Nein , ich kann morgen leider nicht #t frag nicht warum,,,,, darum #q


----------



## Karpfenchamp (11. Februar 2005)

*AW: Aktuelle Quappenfänge 2005 !*



			
				Counter-Striker schrieb:
			
		

> Nein , ich kann morgen leider nicht #t frag nicht warum,,,,, darum #q


#

Ich denke ich werde auf jeden fall angeln gehen.:q  Veit hast du nicht nochmal Zeit? Ich würde dann mit dir dahingehen. Ich würde aber auch alleine losziehen.:q


----------



## Veit (11. Februar 2005)

*AW: Aktuelle Quappenfänge 2005 !*

Wenn der liebe angelkumpel morgen mit mir nach Magdeburg fährt, dann könnte es klappen. Drücken wir mal die Daumen!!!


----------



## Karpfenchamp (11. Februar 2005)

*AW: Aktuelle Quappenfänge 2005 !*



			
				Veit schrieb:
			
		

> Wenn der liebe angelkumpel morgen mit mir nach Magdeburg fährt, dann könnte es klappen. Drücken wir mal die Daumen!!!


 
Ich würde abfeier wenn ihr beide morgen nach mD kommt und ich mit euch angeln kann:m


----------



## Karpfenchamp (11. Februar 2005)

*AW: Aktuelle Quappenfänge 2005 !*

Und weißt du schon genaueres Veit? Hoffentlich kannst du morgen


----------



## Veit (12. Februar 2005)

*AW: Aktuelle Quappenfänge 2005 !*

Ja, aber nicht von der Brücke aus. angelkumpel nimmt nämlich seine Frau mit und die hat keinen Bock von da oben aus zu angeln wg. spaziergängern und Radfahrern. Vielleicht sieht man sich ja trotzdem.


----------



## Counter-Striker (12. Februar 2005)

*AW: Aktuelle Quappenfänge 2005 !*

Wo wollt ihr dann angeln ? Am Sand ist doch sehr schlecht , hast du ja ausgelotet !?


----------



## Veit (12. Februar 2005)

*AW: Aktuelle Quappenfänge 2005 !*

angelkumpel will selbst alles genau ausloten und die passende Stelle finden, während seine Frau und ich ein paar schöne Hechte fangen.


----------



## Counter-Striker (12. Februar 2005)

*AW: Aktuelle Quappenfänge 2005 !*

vom Hechtgraben ? Wollt ihr die dann etwa mitnehmen ?????


----------



## Veit (12. Februar 2005)

*AW: Aktuelle Quappenfänge 2005 !*

Du weißt, dass ich mich sehr ärgere, wenn da jemand Hechte mitnimmt. Wenn Hechte beißen, dann kommen sie zurück.

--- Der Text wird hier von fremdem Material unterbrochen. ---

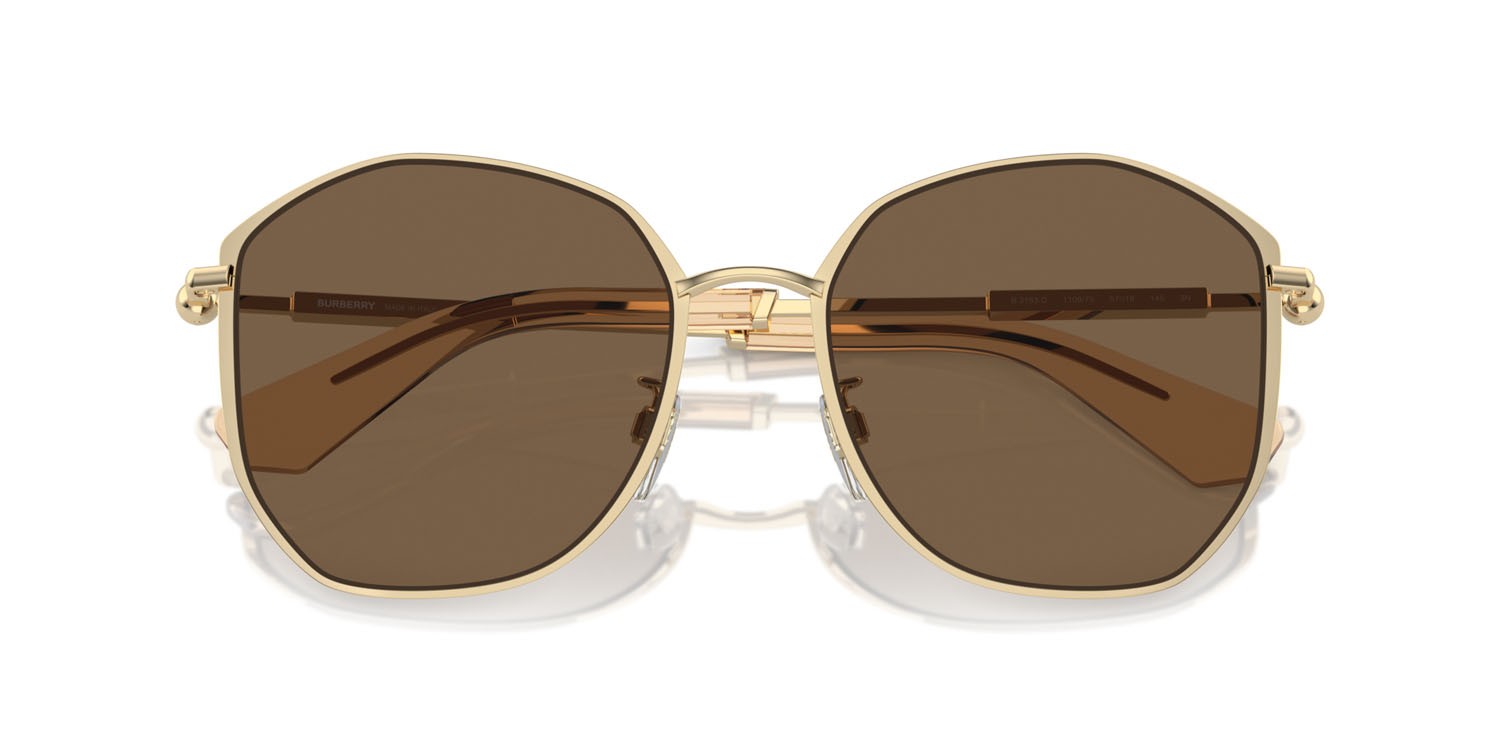 Occhiali da sole Burberry BE 3153D (110973) colore oro chiaro forma irregolare lenti marrone scuro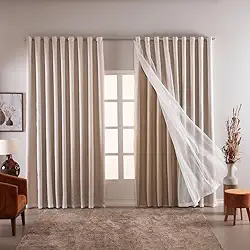 Cortina Tecido Blackout Com Voal 4,50x2,70m Indicada para Varão de até 3 metros (Avelã)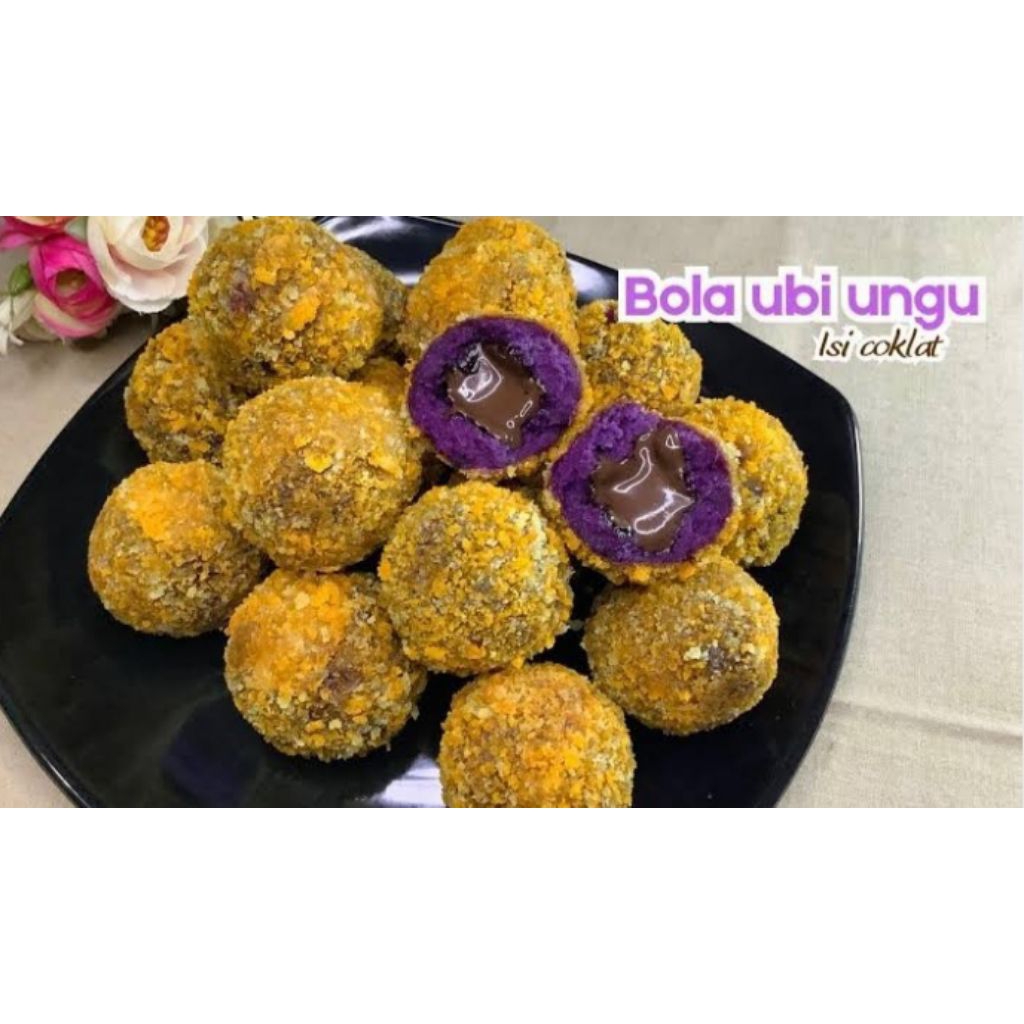 bola ubi ungu isian coklat & keju moza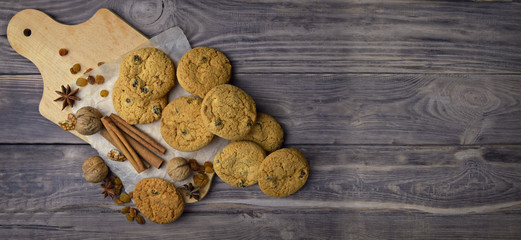 Products for homemade cakes on an old wooden table. Top view. Aromas of Christmas. Organic products. Comfort.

@ Karpfenchamp: Ich bin schwer am überlegen, dass ich mich heute abend allein auf die Brücke setze. Hab keine Lust mich unten in den nassen Sand zu setzen und außerdem will ich beweisen, dass die Brücke doch die beste Quappenstelle ist. Auch wenn angelkumpel eine Stelle finden sollte die seiner Meinung nach gut ist, dann heißt das noch nicht, dass man dort auch was fängt. Kann also sehr gut sein, dass wir uns heute abend auf der Brücke sehen, wenn du denn auch kommst. Das Wetter ist glaub ich optimal.


----------



## Counter-Striker (12. Februar 2005)

*AW: Aktuelle Quappenfänge 2005 !*

Es schüttet hier wie aus eimern ! Ich komme vieleicht auch , weiß ich noch nicht wirklich


----------



## Karpfenchamp (12. Februar 2005)

*AW: Aktuelle Quappenfänge 2005 !*

Tut mir leid Leute dass ich doch nicht konnte. Hatte ja Counter-Striker per Handy informiert dass ich nicht komme. Aber mir war das mit dem Regen zu viel. Habe mir heute dafür aber einen schönen Gaskocher gekauft und 2 Gaßkartuschen. Ich werde nächsten Freitag oder(und?) Samstag auf jeden Fall angeln gehen. Habt ihr etwas gefangen? Nächsten Samstag oder Freitag werde ich dann den Gaßkocher mitnehmen. Dann können wir uns was kochen


----------



## Veit (12. Februar 2005)

*AW: Aktuelle Quappenfänge 2005 !*

Leider ging nichts. Ich habe wieder von der Brücke am Alte Elbe-Wasserfall geangelt. angelkumpel, seine Frau und Counter-Striker haben es an der Eisenbahnbrücke probiert. Gefangen hat keiner was. Bei mir war zwar zweimal der Tauwurm angefressen, aber ich denke es waren Kaulbarsche, denn Quappen hätten den wohl geschluckt und dann auch gehangen. Bisse wären so oder so nicht zu erkennen gewesen, weil durch den extremen Sturm die Rutenspitzen hin und her wippten. Auch die anderen Angler auf der Brücke (zwei weitere) blieben erfolglos. Bei angelkumpel, seiner Frau und Counter-Striker hat wohl auch nichts gezuppt.
Übrigens habe ich Besuch bekommen - Von alexx!!! Wieder nen neuen Boardie kennengelernt, viele Grüße an dieser Stelle nochmal. Hat mich gefreut, dass er mal vorbeigekommen ist. 
Vor dem Quappenansitz haben angelkumpels Frau und ich am Hechtgraben geangelt. Der einzige gefangenen Hecht von etwa 55 cm ging auf das Konto der Dame. Tja, Frauen können eben auch angeln und sogar einen mit allen Wassern gewaschenen Veiti abkochen.  
Für mich ist die Quappensaison 04/05 beendet. Resultat: Bei etlichen Ansitzen nur 5 Quappen, davon 4 maßig. An meinem Hausgewässer der Saale habe ich keine mehr gefangen, da sind die guten Quappenzeiten endgültig vorbei, da nix mehr besetzt, die gefangenen Quappen gingen mir alle am Magdeburger Wasserfall an den Haken. 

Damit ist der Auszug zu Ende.